The typical RAG-as-a-Service stack
In market research across platforms such as Orq.ai, Nuclia, Stack AI, and open-source frameworks like LlamaIndex, Haystack, and Verba, the common deployment shape is intentionally simple.
Core architecture
- Three components: API server, vector database, and LLM provider connection.
- Optional web UI on top.
- Standard flow: ingest, chunk, embed, retrieve context, and answer.
Operating footprint
- Single-cloud deployment with API plus managed vector store.
- Usually Postgres for user accounts and a reverse proxy.
- Often two to three servers run comfortably by one team.
What VaultCrux actually runs
VaultCrux is built as an evidence and control plane, not only a retrieval API. The as-built production topology and software layers are materially deeper.
- Four dedicated hosts: app (API + MCP + workers + Frontdoor), data (Postgres + pgvector + Qdrant), ops (Prometheus + Alertmanager + Grafana + OpsLite), and dedicated HashiCorp Vault (Raft + Transit signing), connected through Tailscale.
- Four-layer retrieval pipeline: hybrid BM25+ANN candidate generation, lane-aware late fusion across four embedding lanes (768 -> 1024 -> 1536 -> 3072), meaning control via priors and receipt-normalized anchoring, and reranking.
Receipts and governance
- CROWN receipts (BLAKE3 hashing + ed25519 Transit signing + append-only provenance ledger).
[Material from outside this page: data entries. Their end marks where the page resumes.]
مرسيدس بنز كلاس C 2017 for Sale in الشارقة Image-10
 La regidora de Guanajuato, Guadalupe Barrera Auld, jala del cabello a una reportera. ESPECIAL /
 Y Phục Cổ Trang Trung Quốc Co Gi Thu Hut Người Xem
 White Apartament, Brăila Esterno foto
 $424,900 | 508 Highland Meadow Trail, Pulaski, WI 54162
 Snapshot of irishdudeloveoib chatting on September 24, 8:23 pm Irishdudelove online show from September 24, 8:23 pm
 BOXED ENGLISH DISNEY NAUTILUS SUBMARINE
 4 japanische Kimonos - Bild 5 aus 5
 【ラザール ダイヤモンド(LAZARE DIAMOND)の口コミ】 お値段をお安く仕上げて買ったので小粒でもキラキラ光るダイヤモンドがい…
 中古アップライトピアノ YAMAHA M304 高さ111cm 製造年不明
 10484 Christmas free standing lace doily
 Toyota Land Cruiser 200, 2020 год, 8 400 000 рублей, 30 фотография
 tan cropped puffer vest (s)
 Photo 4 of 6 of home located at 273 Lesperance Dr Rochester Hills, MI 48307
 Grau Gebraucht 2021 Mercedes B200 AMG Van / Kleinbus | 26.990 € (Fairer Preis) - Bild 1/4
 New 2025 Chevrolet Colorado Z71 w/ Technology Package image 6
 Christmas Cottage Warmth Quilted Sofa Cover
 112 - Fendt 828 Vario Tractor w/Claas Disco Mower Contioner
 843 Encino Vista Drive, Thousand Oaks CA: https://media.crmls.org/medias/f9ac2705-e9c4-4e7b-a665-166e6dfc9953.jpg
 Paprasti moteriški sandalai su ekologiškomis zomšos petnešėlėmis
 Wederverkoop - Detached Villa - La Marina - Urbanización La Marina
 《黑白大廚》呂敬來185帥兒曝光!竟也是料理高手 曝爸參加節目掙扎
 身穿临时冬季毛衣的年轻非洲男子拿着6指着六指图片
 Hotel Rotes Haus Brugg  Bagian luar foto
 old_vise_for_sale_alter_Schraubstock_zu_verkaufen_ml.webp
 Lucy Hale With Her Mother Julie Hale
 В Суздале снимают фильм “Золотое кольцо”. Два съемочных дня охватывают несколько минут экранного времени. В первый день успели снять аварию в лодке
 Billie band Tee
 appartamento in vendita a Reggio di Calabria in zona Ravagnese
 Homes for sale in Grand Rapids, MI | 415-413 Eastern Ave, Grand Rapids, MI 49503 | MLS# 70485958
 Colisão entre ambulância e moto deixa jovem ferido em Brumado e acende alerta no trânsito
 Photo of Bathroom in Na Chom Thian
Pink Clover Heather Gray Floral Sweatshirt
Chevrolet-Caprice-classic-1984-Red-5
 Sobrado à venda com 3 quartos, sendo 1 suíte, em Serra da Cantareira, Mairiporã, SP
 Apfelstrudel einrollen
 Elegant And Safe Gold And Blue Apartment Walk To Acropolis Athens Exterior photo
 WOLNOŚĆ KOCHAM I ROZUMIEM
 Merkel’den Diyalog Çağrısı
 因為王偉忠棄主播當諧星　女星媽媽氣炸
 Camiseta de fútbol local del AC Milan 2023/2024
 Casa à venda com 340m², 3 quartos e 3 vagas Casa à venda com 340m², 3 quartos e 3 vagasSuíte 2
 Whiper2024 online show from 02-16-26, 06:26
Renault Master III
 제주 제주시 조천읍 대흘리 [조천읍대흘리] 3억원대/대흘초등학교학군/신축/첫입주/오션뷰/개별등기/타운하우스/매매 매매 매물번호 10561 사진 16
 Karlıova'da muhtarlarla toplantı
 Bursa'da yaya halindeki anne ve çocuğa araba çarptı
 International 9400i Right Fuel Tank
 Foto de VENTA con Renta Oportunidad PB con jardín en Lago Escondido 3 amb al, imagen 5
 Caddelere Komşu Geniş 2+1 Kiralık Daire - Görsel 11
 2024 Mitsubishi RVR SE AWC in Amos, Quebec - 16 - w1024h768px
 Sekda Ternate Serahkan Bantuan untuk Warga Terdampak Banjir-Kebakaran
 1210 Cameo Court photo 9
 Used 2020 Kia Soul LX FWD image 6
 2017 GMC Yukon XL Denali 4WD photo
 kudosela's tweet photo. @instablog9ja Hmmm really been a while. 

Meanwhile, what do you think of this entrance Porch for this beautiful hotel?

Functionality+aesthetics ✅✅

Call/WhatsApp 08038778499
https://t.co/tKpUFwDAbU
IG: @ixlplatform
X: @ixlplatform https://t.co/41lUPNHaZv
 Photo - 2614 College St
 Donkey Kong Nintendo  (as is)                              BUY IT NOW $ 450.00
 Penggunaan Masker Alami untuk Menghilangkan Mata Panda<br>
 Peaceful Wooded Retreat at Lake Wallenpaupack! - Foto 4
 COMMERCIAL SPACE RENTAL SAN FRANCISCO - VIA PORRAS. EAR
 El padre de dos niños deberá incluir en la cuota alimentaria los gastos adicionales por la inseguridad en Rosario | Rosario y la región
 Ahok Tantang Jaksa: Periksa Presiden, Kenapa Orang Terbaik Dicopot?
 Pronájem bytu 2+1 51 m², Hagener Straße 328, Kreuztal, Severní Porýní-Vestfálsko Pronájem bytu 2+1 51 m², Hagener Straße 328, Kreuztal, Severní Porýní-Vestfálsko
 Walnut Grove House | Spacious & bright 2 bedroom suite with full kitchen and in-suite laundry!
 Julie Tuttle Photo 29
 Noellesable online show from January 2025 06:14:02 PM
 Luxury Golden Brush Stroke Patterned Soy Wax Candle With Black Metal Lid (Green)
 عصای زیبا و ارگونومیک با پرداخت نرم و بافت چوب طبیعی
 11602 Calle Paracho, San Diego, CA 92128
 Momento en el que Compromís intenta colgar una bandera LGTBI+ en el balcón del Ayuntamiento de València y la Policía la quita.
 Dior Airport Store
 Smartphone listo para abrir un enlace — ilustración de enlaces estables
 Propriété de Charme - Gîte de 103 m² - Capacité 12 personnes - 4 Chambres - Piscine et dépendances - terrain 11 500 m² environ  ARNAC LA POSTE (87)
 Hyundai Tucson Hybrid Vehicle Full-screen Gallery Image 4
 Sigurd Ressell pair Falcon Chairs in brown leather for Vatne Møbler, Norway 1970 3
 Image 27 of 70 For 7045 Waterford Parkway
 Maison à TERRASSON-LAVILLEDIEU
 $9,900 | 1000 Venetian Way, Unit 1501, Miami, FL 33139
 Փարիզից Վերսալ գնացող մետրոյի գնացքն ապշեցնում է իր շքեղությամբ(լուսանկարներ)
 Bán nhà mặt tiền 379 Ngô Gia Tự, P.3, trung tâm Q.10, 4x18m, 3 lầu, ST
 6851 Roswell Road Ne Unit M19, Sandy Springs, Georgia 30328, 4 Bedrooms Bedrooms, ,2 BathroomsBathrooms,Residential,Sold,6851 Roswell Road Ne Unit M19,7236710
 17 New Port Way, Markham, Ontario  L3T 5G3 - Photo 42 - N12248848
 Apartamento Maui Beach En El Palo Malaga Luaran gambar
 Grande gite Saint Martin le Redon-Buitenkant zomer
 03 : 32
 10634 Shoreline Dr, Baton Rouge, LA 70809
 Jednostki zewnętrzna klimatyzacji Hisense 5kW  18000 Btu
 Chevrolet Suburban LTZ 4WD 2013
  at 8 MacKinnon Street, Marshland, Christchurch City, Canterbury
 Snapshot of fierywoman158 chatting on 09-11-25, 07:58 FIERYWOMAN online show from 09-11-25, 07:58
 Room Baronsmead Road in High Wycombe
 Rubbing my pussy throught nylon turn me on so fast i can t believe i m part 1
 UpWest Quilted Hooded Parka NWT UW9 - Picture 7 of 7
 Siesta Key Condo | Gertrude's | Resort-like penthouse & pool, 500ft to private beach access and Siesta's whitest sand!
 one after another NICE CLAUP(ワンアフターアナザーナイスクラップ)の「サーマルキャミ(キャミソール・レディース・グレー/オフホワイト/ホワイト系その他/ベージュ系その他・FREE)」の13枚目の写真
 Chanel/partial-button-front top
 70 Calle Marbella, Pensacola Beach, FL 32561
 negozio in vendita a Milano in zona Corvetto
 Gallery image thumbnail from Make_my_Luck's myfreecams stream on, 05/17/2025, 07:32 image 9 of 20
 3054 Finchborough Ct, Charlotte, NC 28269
- Shield capability firewall with 9 policy stages.
- WatchCrux independent audit layer and chunk-level evidence mapping.
Runtime economics and identity
- Ledgered credit mint/spend economy.
- MCP tool inventory (25+ tools across 6 service lines).
- Agent principal/sponsor separation with budget-capped tokens and multi-seat RBAC provisioning.